Imminent Fear of Harm in Orders for Protection from Abuse

Threats alone are not typically enough to warrant the issuance of a Protection from Abuse Order (PFA).  There must be either a history of provable physical abuse or an immanent fear of harm.   In Realmuto v. Regalbuto, 2014 Pa. Super. Unpub. LEXIS 3085, the parties were in the middle of a contentious divorce.  The wife retained possession of the marital home.  The husband contacted the wife in order to obtain possessions from inside the home and during the telephone call became angry and stated: “I should have beat [you] during [our] marriage, and I want to punch you in your mouth.”  The wife thereafter filed for a PFA.  The trial Court determined that this statement alone was not enough to meet the burden under the PFA statute in the Commonwealth of Pennsylvania. 

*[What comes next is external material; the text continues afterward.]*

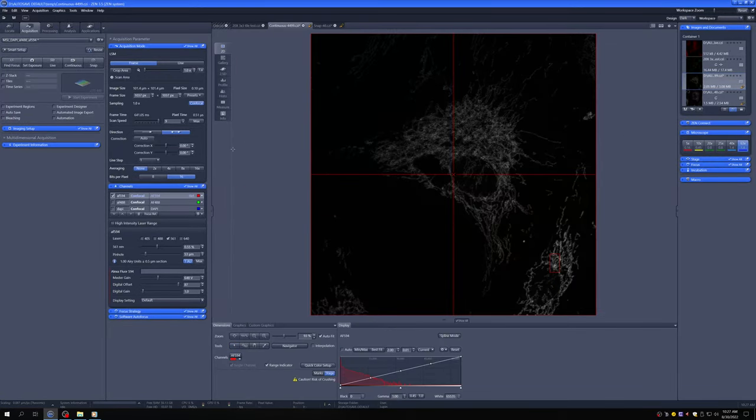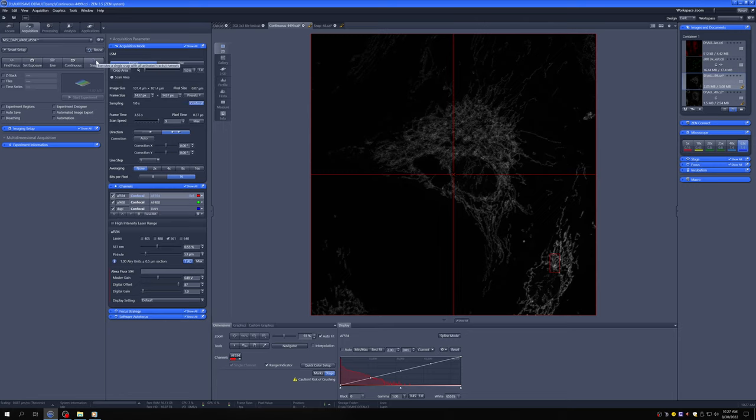At this point we've adjusted everything, so let's turn on all three channels and go ahead and snap an image.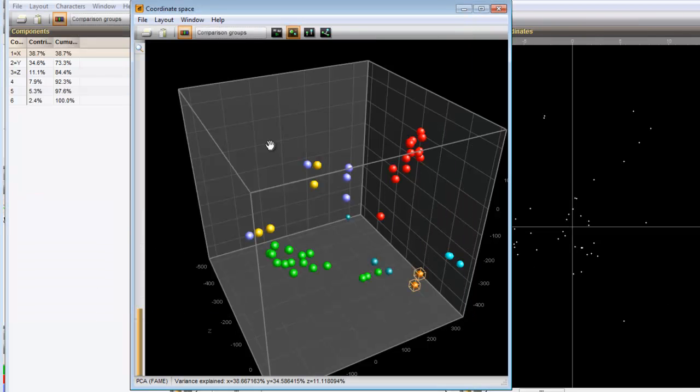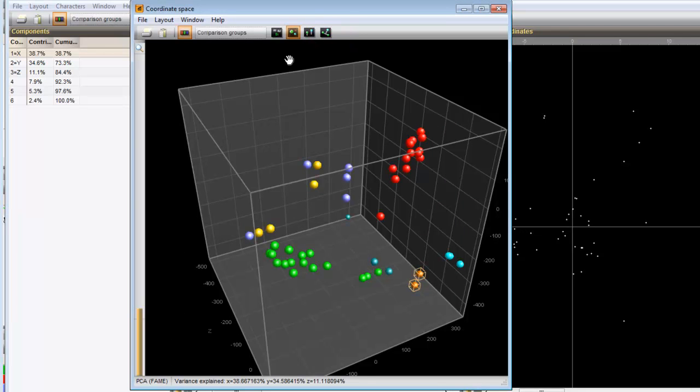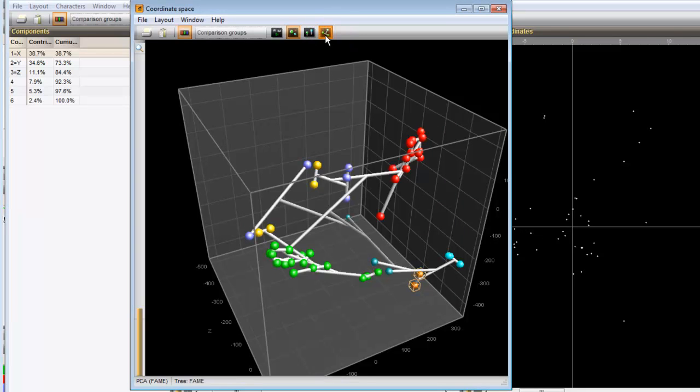An interesting display option can be accessed with the last button. Now the entries in the coordinate system are connected by the branches of the active dendrogram from the comparison window. This is an ideal combination to co-evaluate a dendrogram and the PCA.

23 Pa. C.S. §6102(a)(2) requires that the perpetrator of the abusive act muse place the victim in reasonable fear of imminent serious bodily injury.  The Court focused on the reasonable fear of serious bodily injury in the case.  They remarked that the husband made his remarks over the phone – so there was distance between them – which made the alleged threat one that was not imminent.  Further the husband had made the statements in anger – with no history of any violent behavior against the wife.  In fact, there was no record of the husband ever making any threats of violent behavior during the marriage or separation.  The lack of reasonableness of wife’s fear was enhanced by the fact that after the alleged threats, the husband had left the home and had not contacted the wife again.  Given these circumstances the court found that the wife could not reasonably have believed that she was in imminent danger of harm.  Thus, her petition for PFA was dismissed by the trial court.